_Work required_
After locating "Photo of property", return its line and all lines that follow through the end of the listing below, exactly; leave out pictures.

┌──

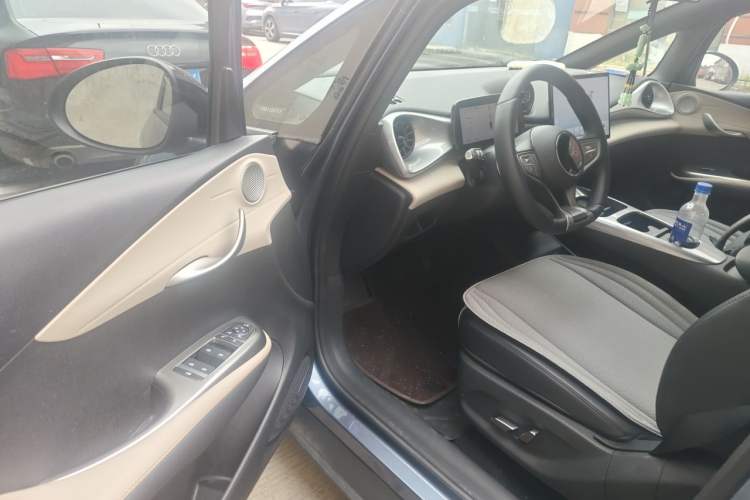 Used BYD Dolphin 2025 Smart Drive Version 420 km Freedom Edition Driver Seat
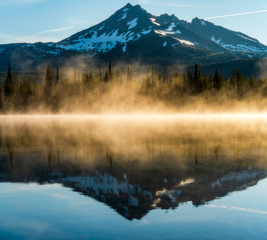 Sticker - Broken Top - Sparks Lake - Oregon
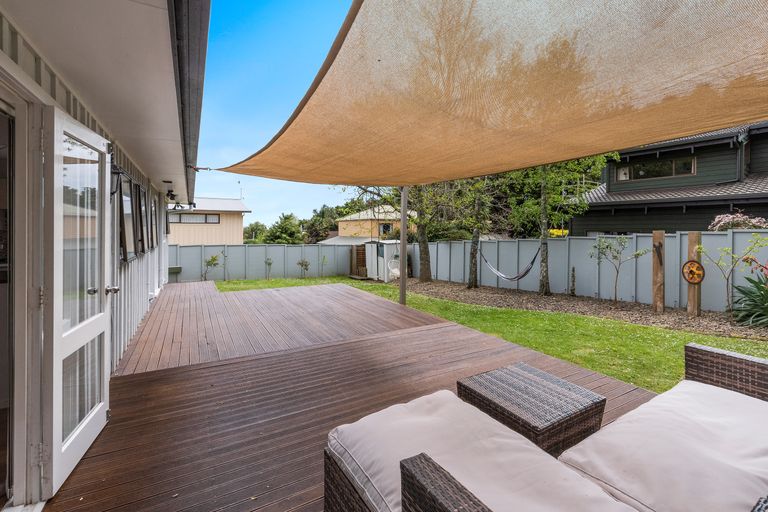 Photo of property in 24 Deodar Place, Totara Heights, Auckland, 2105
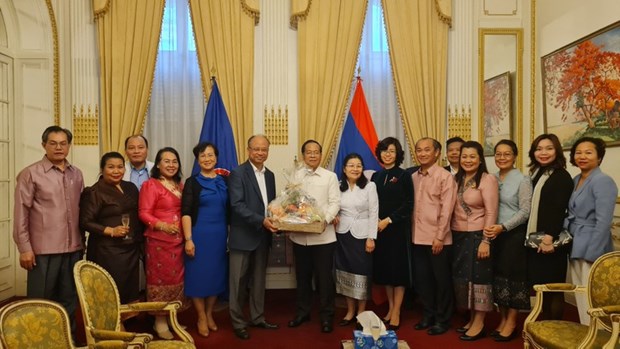 越南驻法国大使馆祝贺老挝2023年传统新年 hinh anh 1
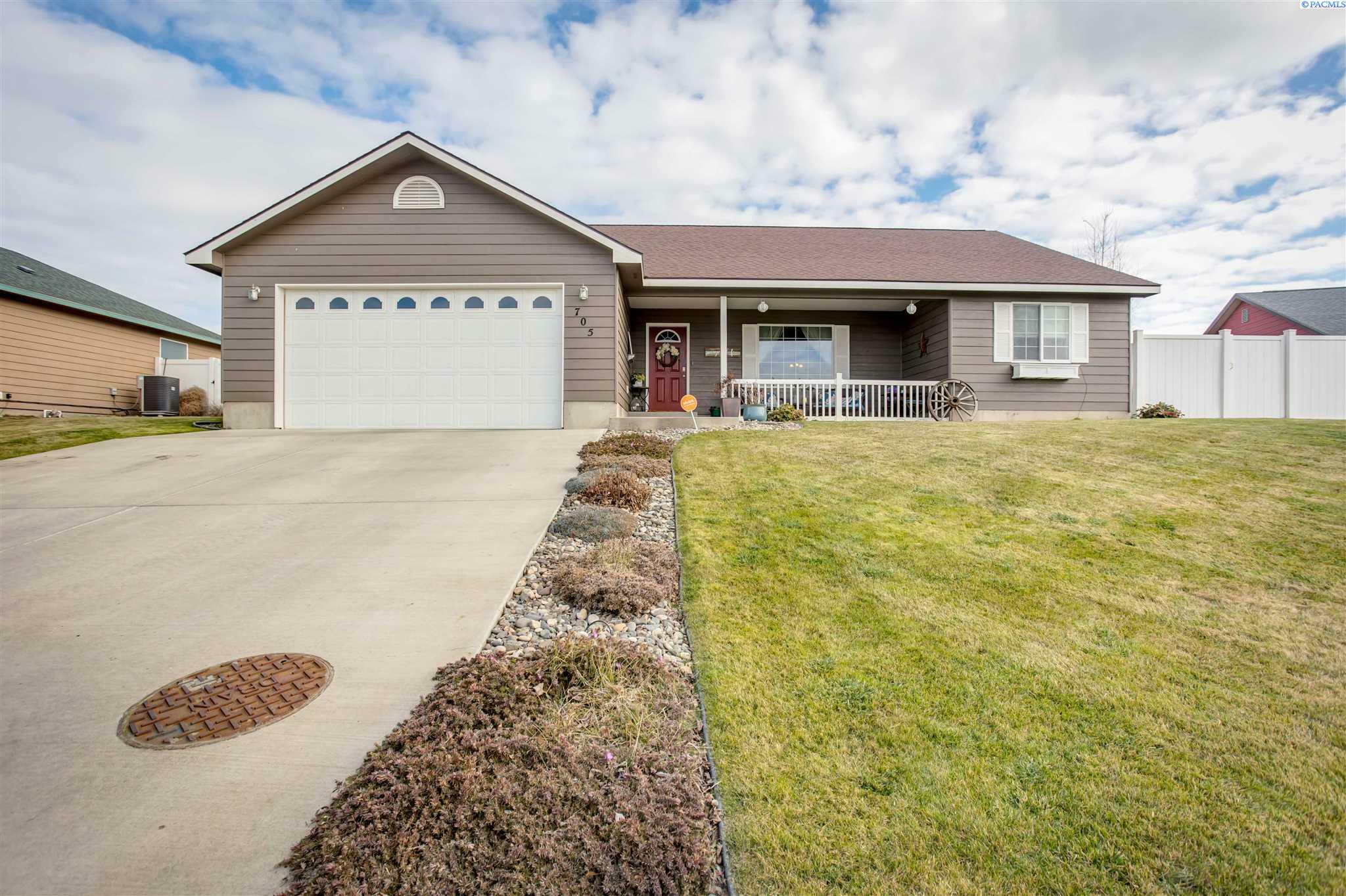 Property Photo:  705 Cherry Lane  WA 98930 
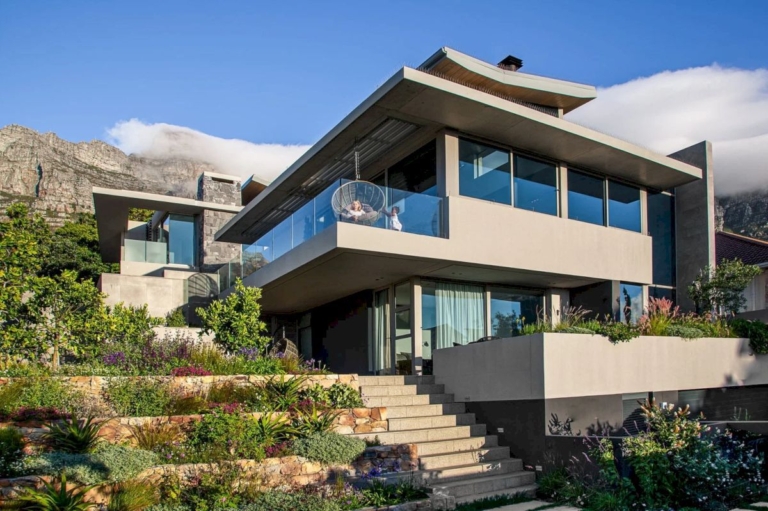 UT 41 House with Coastal Elegance by GSQUARED Architect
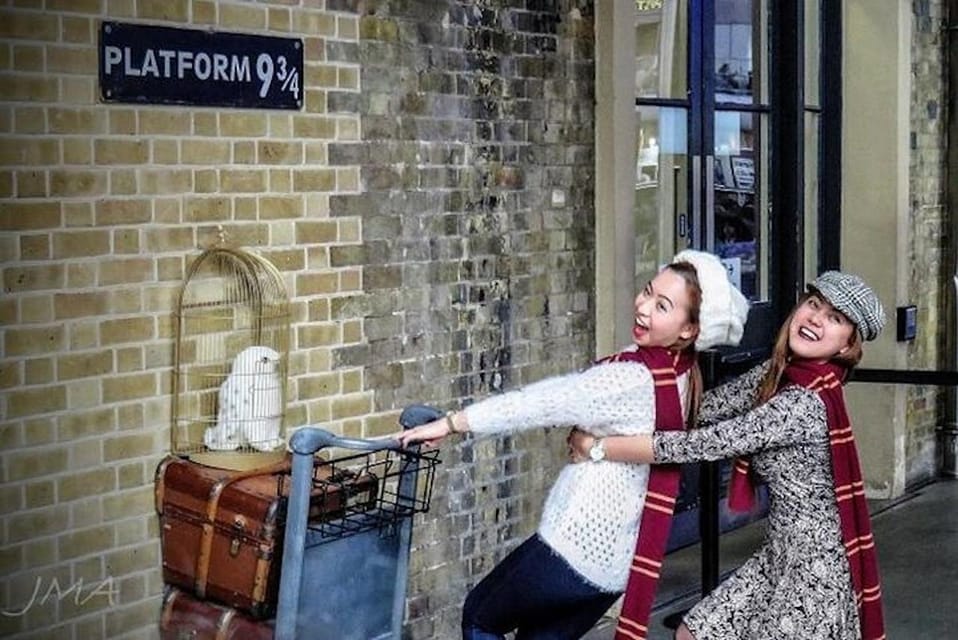 London: Harry Potter Tour with Madame Tussauds Tickets - Key things you’ll notice on this wizard walk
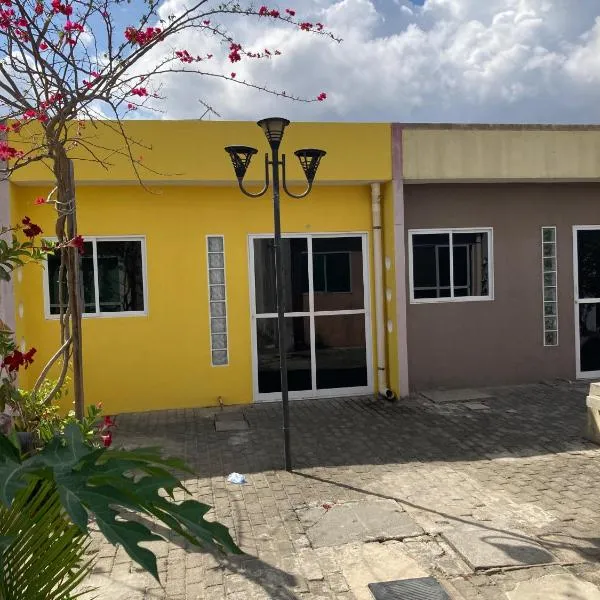 Economize e aproveite a região ou descanse para o voo, hotel in Maceió
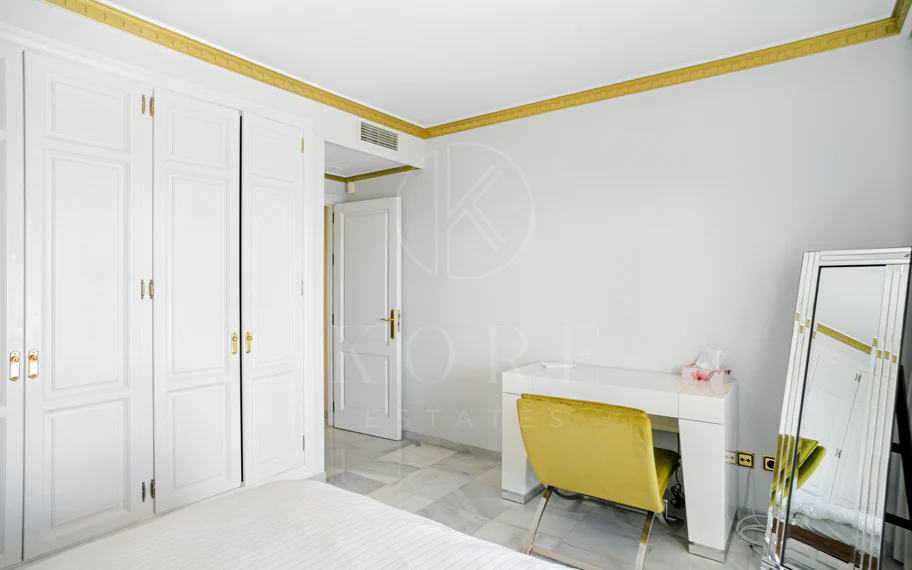 Wonderful three bedroom, south east facing duplex penthouse in the exclusive and gated community of Monte Paraiso on the Golden Mile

└──

_Finished exercise_
 Photo of property in 24 Deodar Place, Totara Heights, Auckland, 2105
 越南驻法国大使馆祝贺老挝2023年传统新年 hinh anh 1
 Property Photo:  705 Cherry Lane  WA 98930 
 UT 41 House with Coastal Elegance by GSQUARED Architect
 London: Harry Potter Tour with Madame Tussauds Tickets - Key things you’ll notice on this wizard walk
 Economize e aproveite a região ou descanse para o voo, hotel in Maceió
 Wonderful three bedroom, south east facing duplex penthouse in the exclusive and gated community of Monte Paraiso on the Golden Mile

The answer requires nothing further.